Monday, December 11, 2006

Letting Down the Team

I apologize to anyone who was anxiously awaiting my post yesterday. I was caught off guard by my husband ripping out the carpet in the living room and I suddenly found myself scrubbing, dusting, and purchasing cheap area rugs to keep it livable. He did a fine job and it has greatly improved the look of our home, although he could have done a crappy job and it still would have greatly improved the look of our home because the 20-year-old stained carpet was NASTY.
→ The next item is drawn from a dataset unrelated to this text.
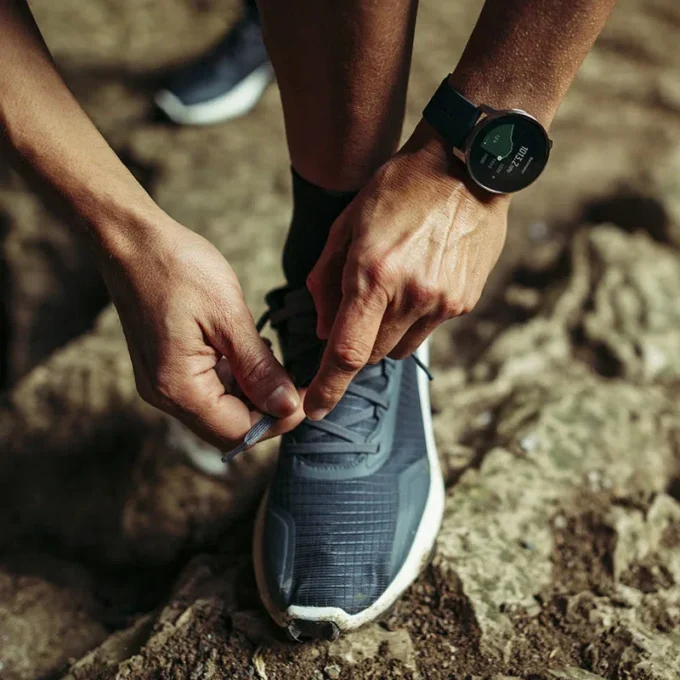 Suunto 9 Peak Granite Blue Titanium – ultracienki, mały, wytrzymały sportowy zegarek GPS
I have returned to work today and I have an ookie feeling. I always feel guilty when I take a sick day, like I let down the team. The reality is there is no team. I work more or less independently and no one has to fill in for me or do extra when I'm not here. Also, the sick time has been allotted to me by the powers that be. So, why the ookie feeling? I don't think it's my imagination since I don't have a very active one. I think there are probably some waves of jealously and superiority being sent my way from folks who work alongside me. I used to share these emotions when I was younger and cockier. When coworkers called in, I immediately labeled them as unmotivated hypochondriacs who would never succeed to the levels that I would at work. The greater truth was they had the day off and I was jealous. It is a decade later and I have not really succeeded in the workplaceand I have adjusted my work ethic accordingly. Now when people call in, I say things like, "I'm glad they've taken this time to take care of themselves and I hope everything works out okay. Let me know if there's anything I can do to help." I don't feel that way at all. I am still jealous they had the day off and I didn't, but I am a wee bit more humble, significantly more politically correct, and far more honest with myself than I was in my twenties.